◆ **What you are asked to do**:
Go to the line containing "Green Banarasi Silk Saree With Blouse Piece" below; retype it and all following lines exactly, and leave out the pictures.

◆ **Provided records**:
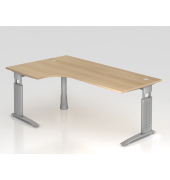 Winkeltisch C-Fu&szlig; 200x120cm 90&deg;EicheSilber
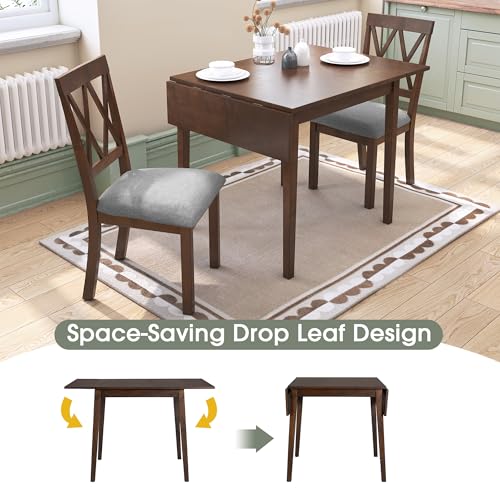 Merax Wooden 29"- 45" Extendable Rectangular Dining Table with Drop Leaf,Space Saving, Easy Assemble Brown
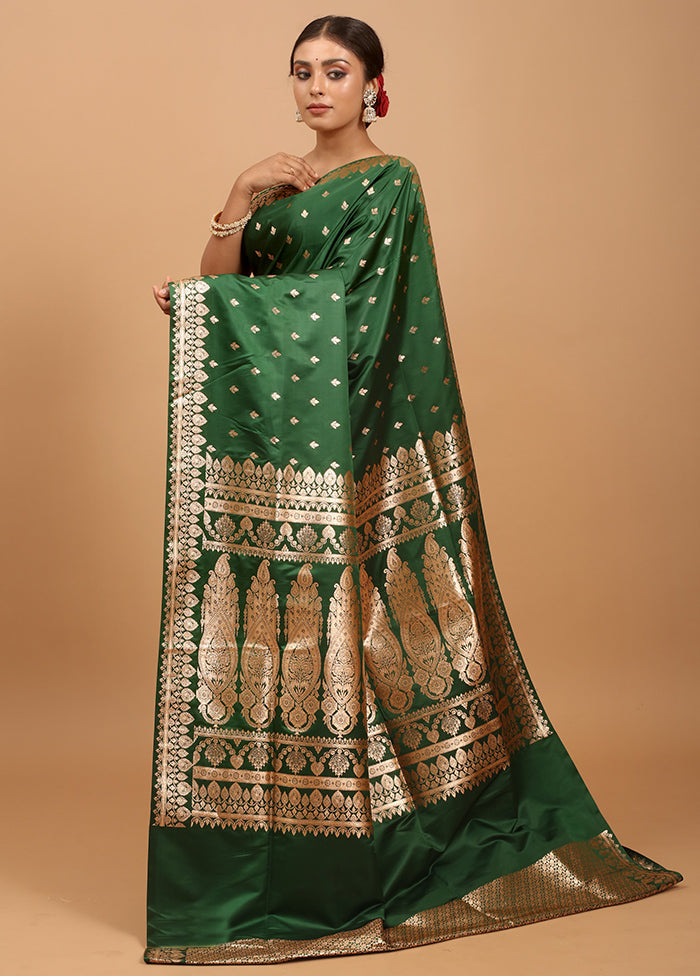 Green Banarasi Silk Saree With Blouse Piece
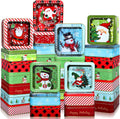 Christmas Cookie Tins 24 Pack - Vintage Tin Storage Boxes for Gifts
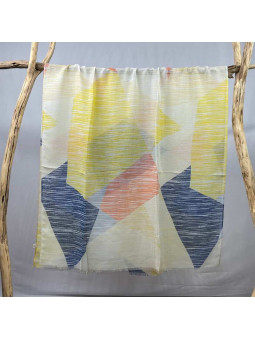 Écharpe En Coton Aux Nuances De Jaune, Orange Et Bleu Rayés De 180cm x 90cm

◆ **Solution to the problem**:
 Green Banarasi Silk Saree With Blouse Piece
 Christmas Cookie Tins 24 Pack - Vintage Tin Storage Boxes for Gifts
 Écharpe En Coton Aux Nuances De Jaune, Orange Et Bleu Rayés De 180cm x 90cm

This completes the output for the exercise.